* Task instructions:
The entries follow. Print each one exactly.

* Exercise inputs:
● ● ● ●

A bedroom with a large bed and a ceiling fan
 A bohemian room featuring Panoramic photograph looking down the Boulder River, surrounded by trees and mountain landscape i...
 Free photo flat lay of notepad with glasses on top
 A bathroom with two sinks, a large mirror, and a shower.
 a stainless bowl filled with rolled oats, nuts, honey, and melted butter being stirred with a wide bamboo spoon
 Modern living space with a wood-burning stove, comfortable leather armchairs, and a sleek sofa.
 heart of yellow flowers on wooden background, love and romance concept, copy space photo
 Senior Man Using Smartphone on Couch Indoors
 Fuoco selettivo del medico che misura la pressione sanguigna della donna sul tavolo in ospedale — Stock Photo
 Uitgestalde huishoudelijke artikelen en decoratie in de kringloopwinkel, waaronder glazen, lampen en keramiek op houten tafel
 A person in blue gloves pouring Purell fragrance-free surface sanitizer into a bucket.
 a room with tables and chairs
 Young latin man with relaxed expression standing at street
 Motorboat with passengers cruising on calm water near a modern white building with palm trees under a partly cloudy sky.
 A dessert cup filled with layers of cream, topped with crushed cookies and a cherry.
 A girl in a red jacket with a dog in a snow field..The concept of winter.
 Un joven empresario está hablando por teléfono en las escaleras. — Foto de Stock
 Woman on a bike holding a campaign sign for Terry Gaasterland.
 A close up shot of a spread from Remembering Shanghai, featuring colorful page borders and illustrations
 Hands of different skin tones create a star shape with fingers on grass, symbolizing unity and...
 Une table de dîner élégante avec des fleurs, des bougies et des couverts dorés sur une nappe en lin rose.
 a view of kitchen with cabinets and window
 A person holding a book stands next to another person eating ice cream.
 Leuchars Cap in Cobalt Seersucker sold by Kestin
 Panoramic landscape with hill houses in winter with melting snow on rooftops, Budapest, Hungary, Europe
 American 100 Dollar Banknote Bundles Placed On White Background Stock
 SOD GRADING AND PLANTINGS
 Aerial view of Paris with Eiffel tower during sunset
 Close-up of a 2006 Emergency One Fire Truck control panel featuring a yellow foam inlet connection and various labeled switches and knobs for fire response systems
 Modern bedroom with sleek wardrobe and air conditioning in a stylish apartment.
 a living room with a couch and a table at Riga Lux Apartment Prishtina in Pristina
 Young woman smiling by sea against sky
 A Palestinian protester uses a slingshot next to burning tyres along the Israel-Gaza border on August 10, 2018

● ● ● ●

* Your response:
A bedroom with a large bed and a ceiling fan
 A bohemian room featuring Panoramic photograph looking down the Boulder River, surrounded by trees and mountain landscape i...
 Free photo flat lay of notepad with glasses on top
 A bathroom with two sinks, a large mirror, and a shower.
 a stainless bowl filled with rolled oats, nuts, honey, and melted butter being stirred with a wide bamboo spoon
 Modern living space with a wood-burning stove, comfortable leather armchairs, and a sleek sofa.
 heart of yellow flowers on wooden background, love and romance concept, copy space photo
 Senior Man Using Smartphone on Couch Indoors
 Fuoco selettivo del medico che misura la pressione sanguigna della donna sul tavolo in ospedale — Stock Photo
 Uitgestalde huishoudelijke artikelen en decoratie in de kringloopwinkel, waaronder glazen, lampen en keramiek op houten tafel
 A person in blue gloves pouring Purell fragrance-free surface sanitizer into a bucket.
 a room with tables and chairs
 Young latin man with relaxed expression standing at street
 Motorboat with passengers cruising on calm water near a modern white building with palm trees under a partly cloudy sky.
 A dessert cup filled with layers of cream, topped with crushed cookies and a cherry.
 A girl in a red jacket with a dog in a snow field..The concept of winter.
 Un joven empresario está hablando por teléfono en las escaleras. — Foto de Stock
 Woman on a bike holding a campaign sign for Terry Gaasterland.
 A close up shot of a spread from Remembering Shanghai, featuring colorful page borders and illustrations
 Hands of different skin tones create a star shape with fingers on grass, symbolizing unity and...
 Une table de dîner élégante avec des fleurs, des bougies et des couverts dorés sur une nappe en lin rose.
 a view of kitchen with cabinets and window
 A person holding a book stands next to another person eating ice cream.
 Leuchars Cap in Cobalt Seersucker sold by Kestin
 Panoramic landscape with hill houses in winter with melting snow on rooftops, Budapest, Hungary, Europe
 American 100 Dollar Banknote Bundles Placed On White Background Stock
 SOD GRADING AND PLANTINGS
 Aerial view of Paris with Eiffel tower during sunset
 Close-up of a 2006 Emergency One Fire Truck control panel featuring a yellow foam inlet connection and various labeled switches and knobs for fire response systems
 Modern bedroom with sleek wardrobe and air conditioning in a stylish apartment.
 a living room with a couch and a table at Riga Lux Apartment Prishtina in Pristina
 Young woman smiling by sea against sky
 A Palestinian protester uses a slingshot next to burning tyres along the Israel-Gaza border on August 10, 2018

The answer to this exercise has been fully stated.